_THE PROBLEM_: Drop all pictures and repeat exactly the lines from the line holding "Prompt: Pirate skull" through the end of the records.

Extracted data entries
______________________________

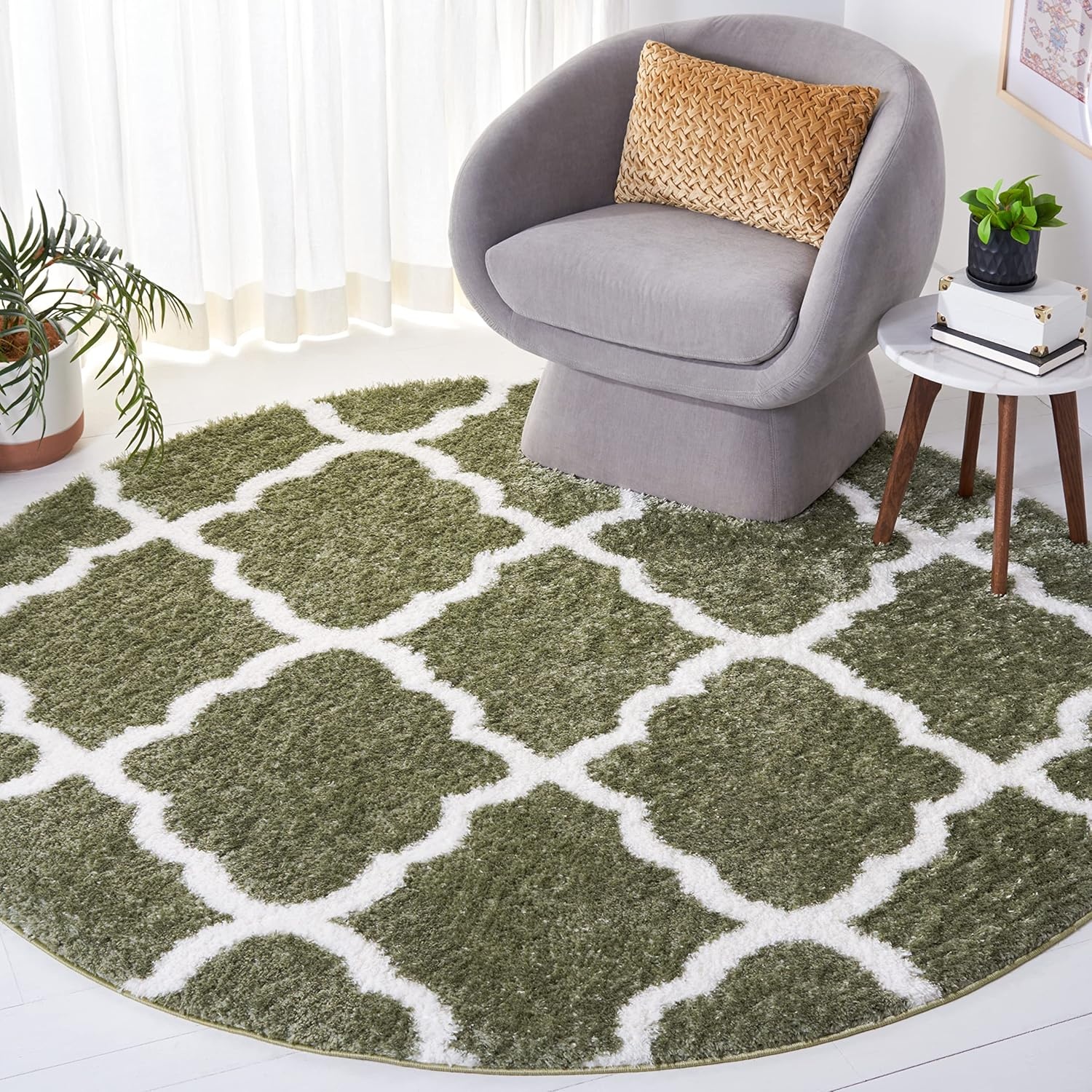 image:imageSAFAVIEH Tahoe Shag Collection Area Rug 9 x 12 Black amp White Trellis Design NonShedding amp Easy Care 12inch Thick Ideal for High Traffic Areas in Living Room Bedroom THO675ZSageWhite
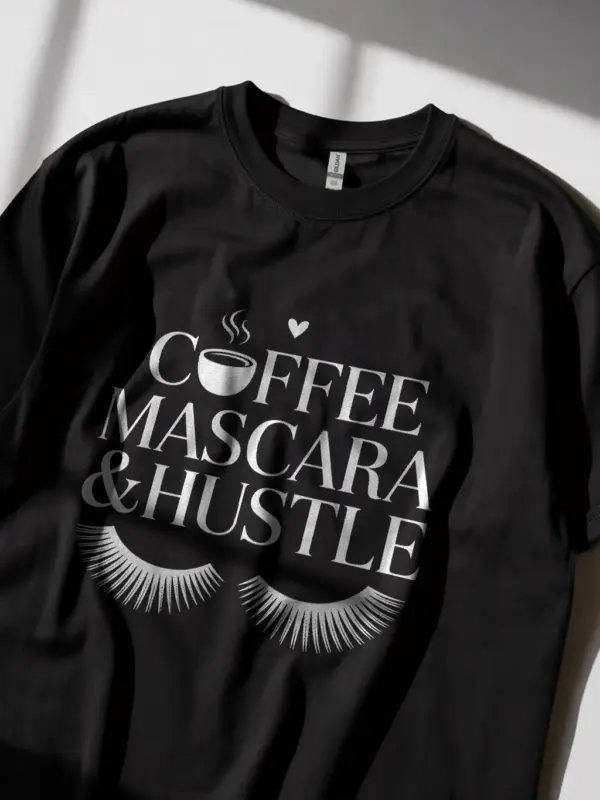 black Lifestyle photo black tee, coffee mascara hustle t-shirt for women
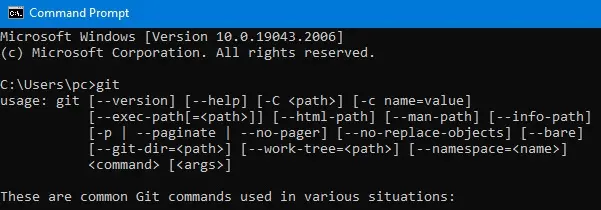 git en el símbolo del sistema
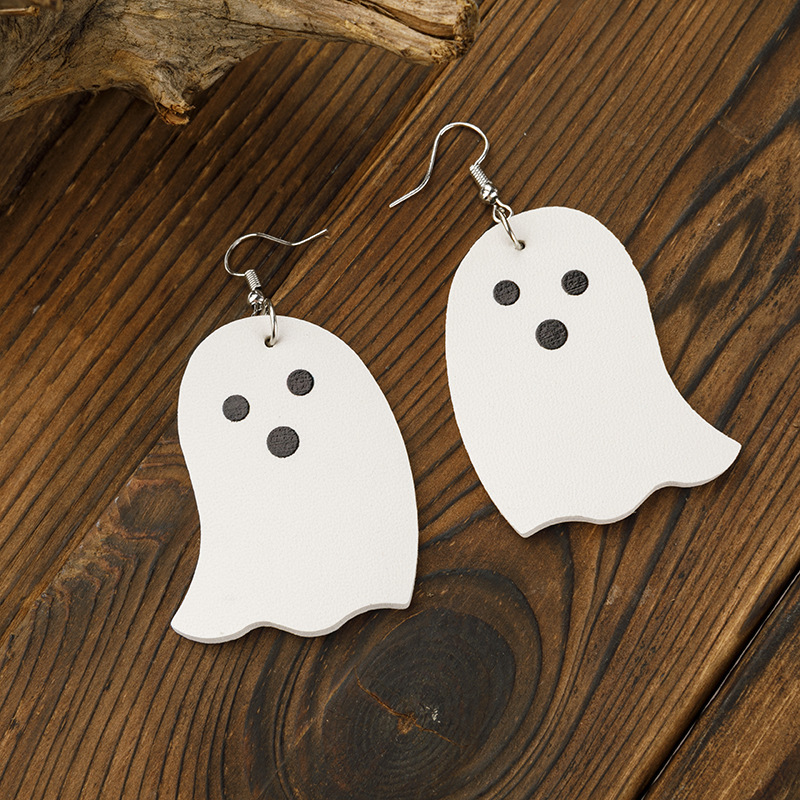 Cross-border Independent Station Halloween Earrings Personality Pumpkin Ghost Hat Leather Earrings Halloween Ornaments display picture 1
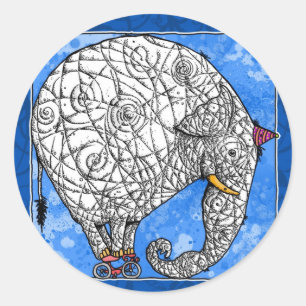 Sticker Rond éléphant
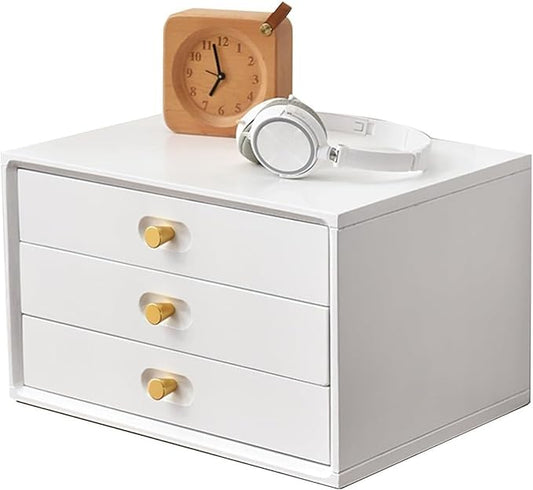 Wood File Cabinets - Wooden Desktop Multilayer Drawer Jewelry Box Office Supplies Storage for Home &amp Workspace Stylish Countertop Solution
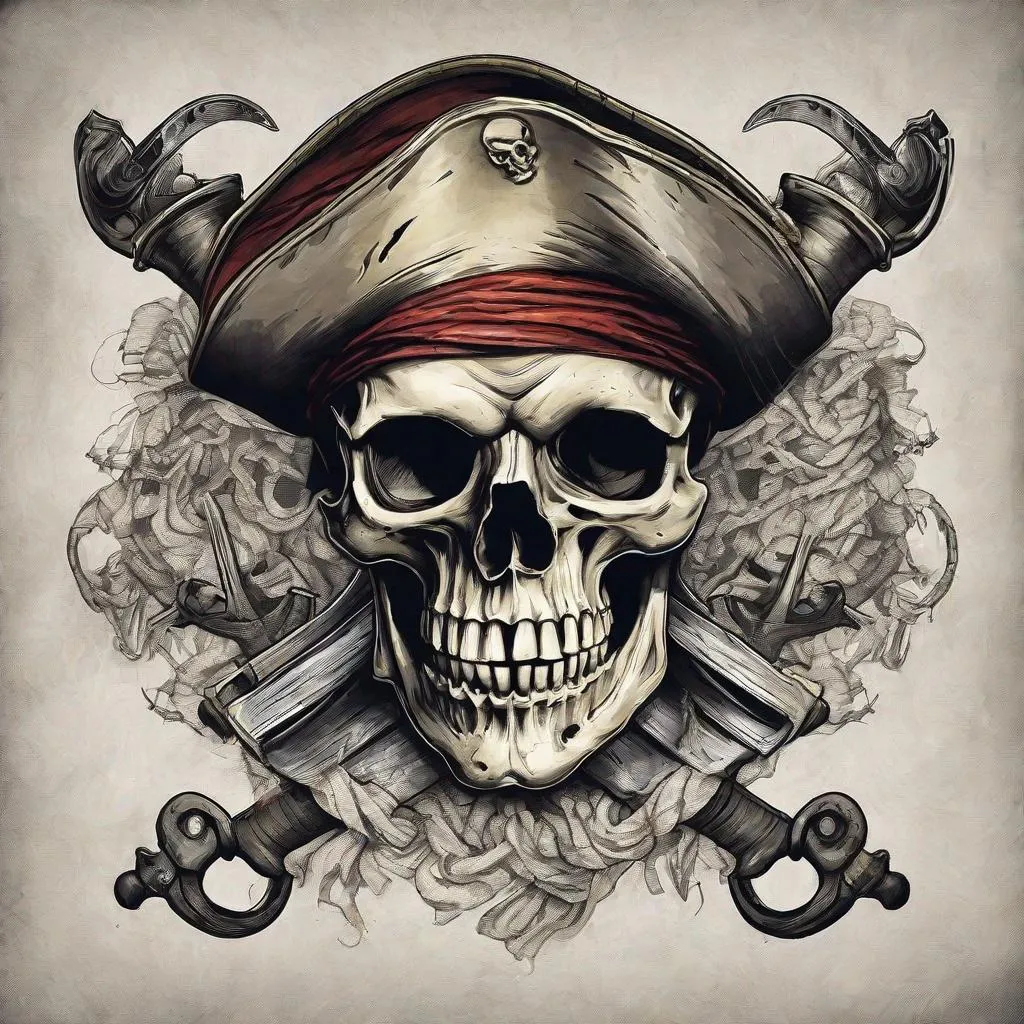 Prompt: Pirate skull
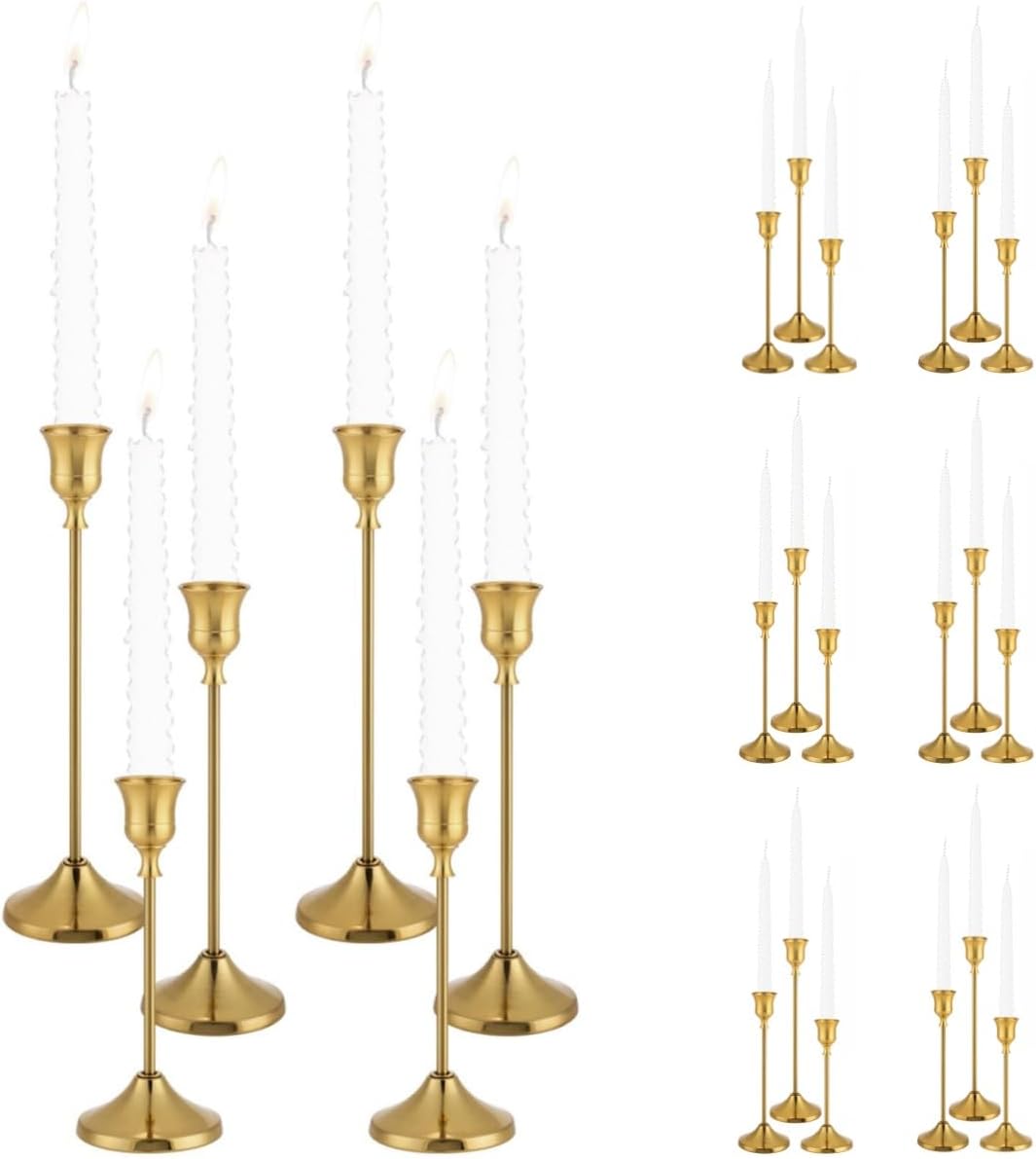 Candlestick Holders, 24PCS Metal Taper Candle Holder, Brass Gold Candle Holde...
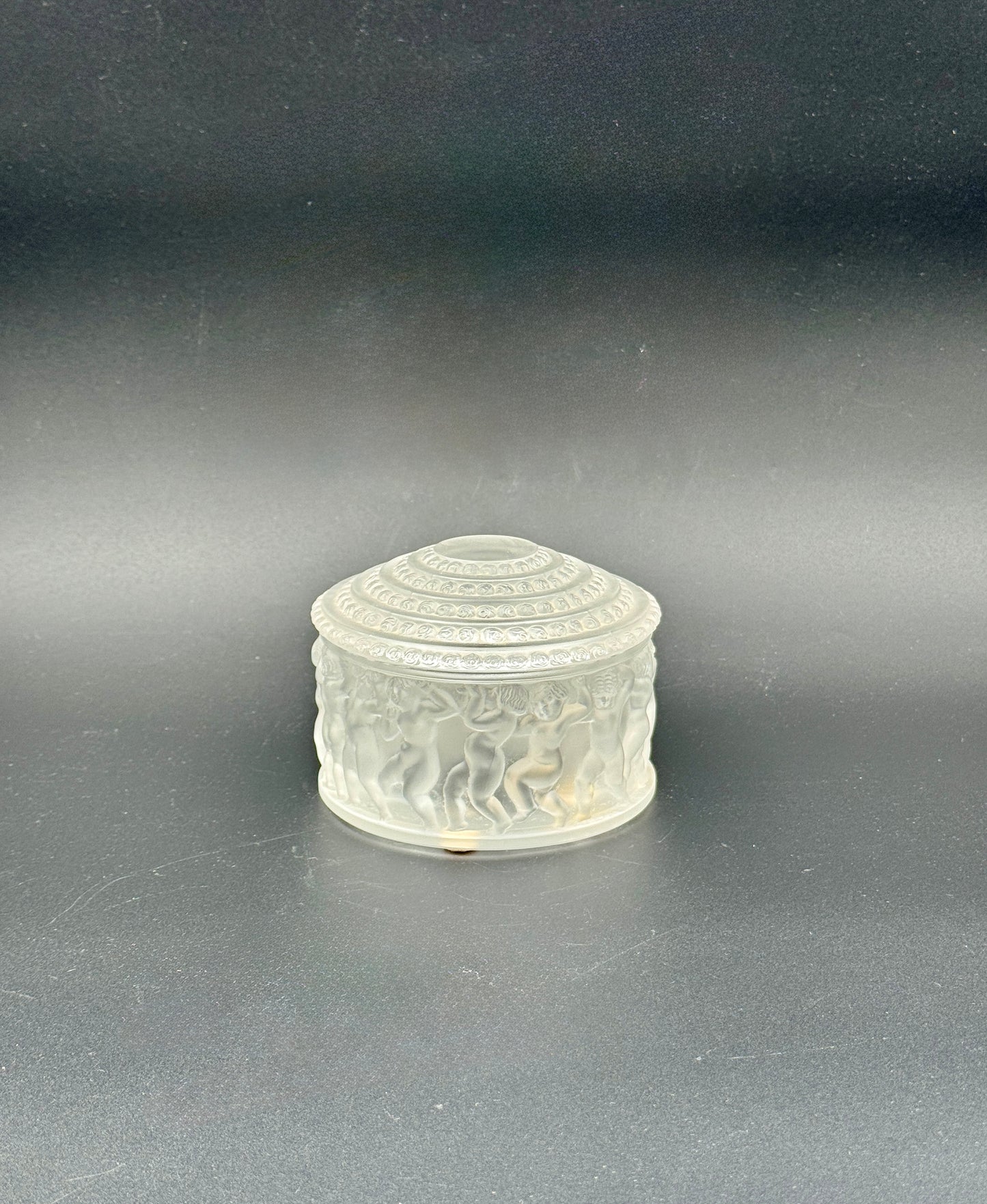 Lalique "Les Enfants" Frosted Crystal Powder Box – France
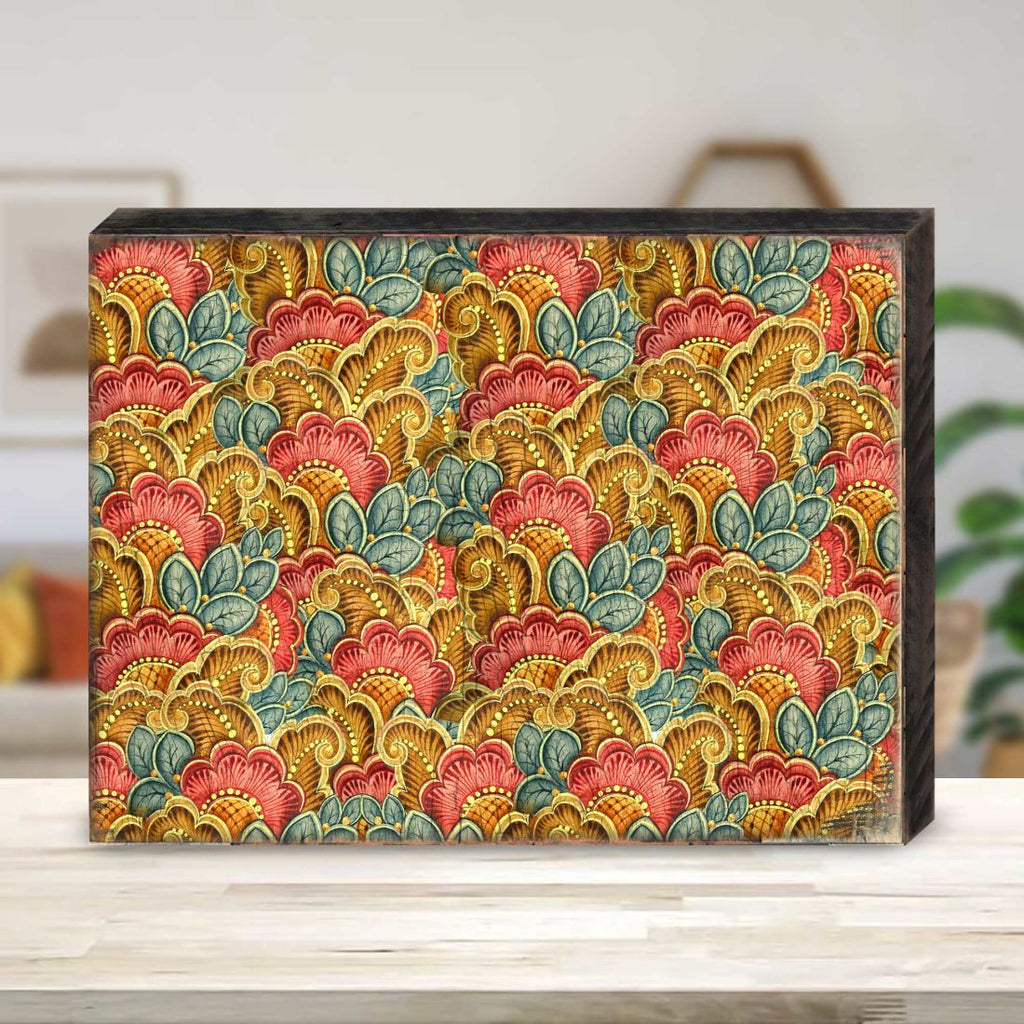 Gold Red Blue Floral Rustic Wall Block by G. DeBrekht - Floral Ornamental Decor - 95019B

______________________________

_ANSWER TO THE PROBLEM_:
 Prompt: Pirate skull
 Candlestick Holders, 24PCS Metal Taper Candle Holder, Brass Gold Candle Holde...
 Lalique "Les Enfants" Frosted Crystal Powder Box – France
 Gold Red Blue Floral Rustic Wall Block by G. DeBrekht - Floral Ornamental Decor - 95019B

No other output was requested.